Problem details: Reproduce the listing word for word, leaving every picture behind.
====== Given data
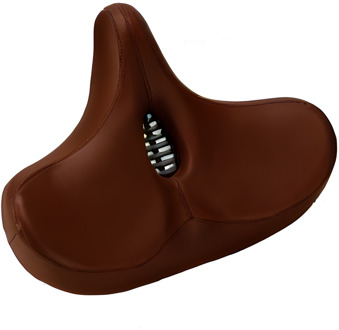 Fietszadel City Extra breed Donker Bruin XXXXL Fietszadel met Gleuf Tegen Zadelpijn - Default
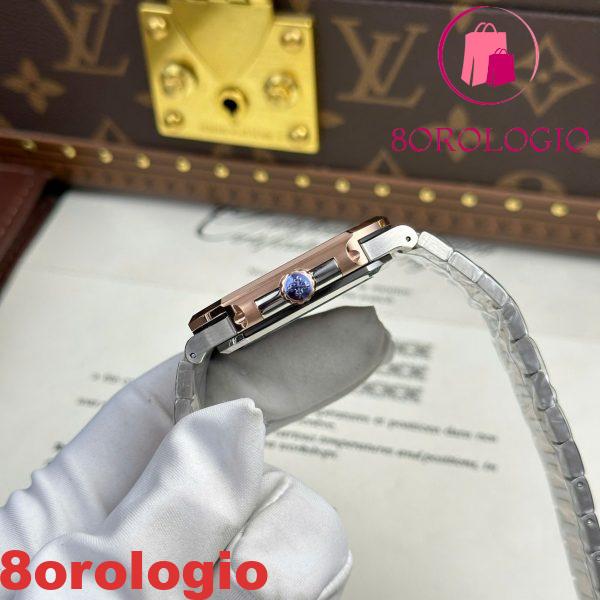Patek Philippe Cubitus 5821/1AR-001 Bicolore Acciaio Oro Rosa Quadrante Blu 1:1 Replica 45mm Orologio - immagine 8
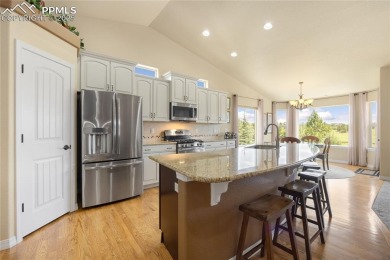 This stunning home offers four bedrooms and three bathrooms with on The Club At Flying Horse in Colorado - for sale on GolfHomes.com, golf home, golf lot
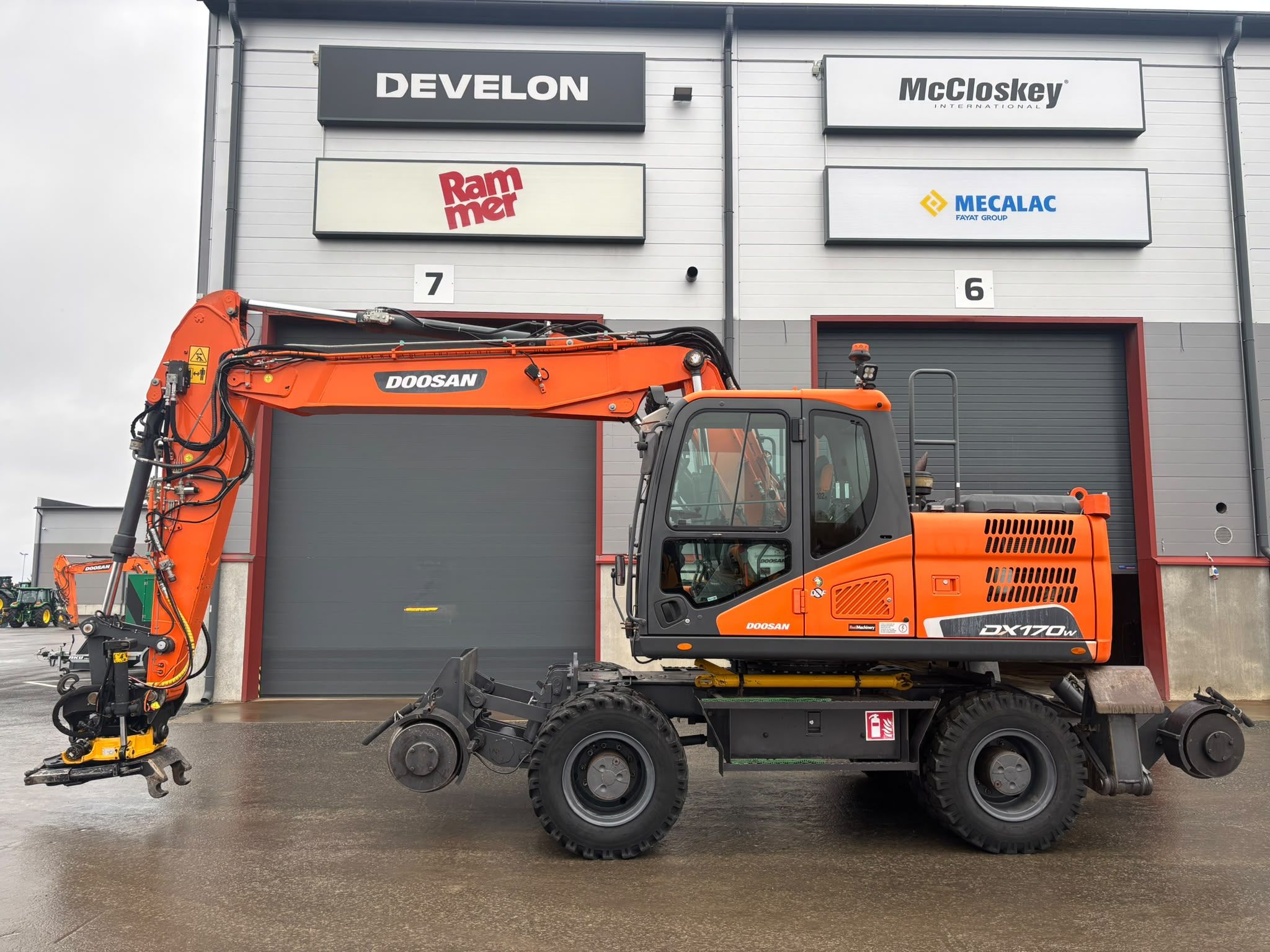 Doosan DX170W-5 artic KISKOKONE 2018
============
Expected answer:
 Fietszadel City Extra breed Donker Bruin XXXXL Fietszadel met Gleuf Tegen Zadelpijn - Default
Patek Philippe Cubitus 5821/1AR-001 Bicolore Acciaio Oro Rosa Quadrante Blu 1:1 Replica 45mm Orologio - immagine 8
 This stunning home offers four bedrooms and three bathrooms with on The Club At Flying Horse in Colorado - for sale on GolfHomes.com, golf home, golf lot
 Doosan DX170W-5 artic KISKOKONE 2018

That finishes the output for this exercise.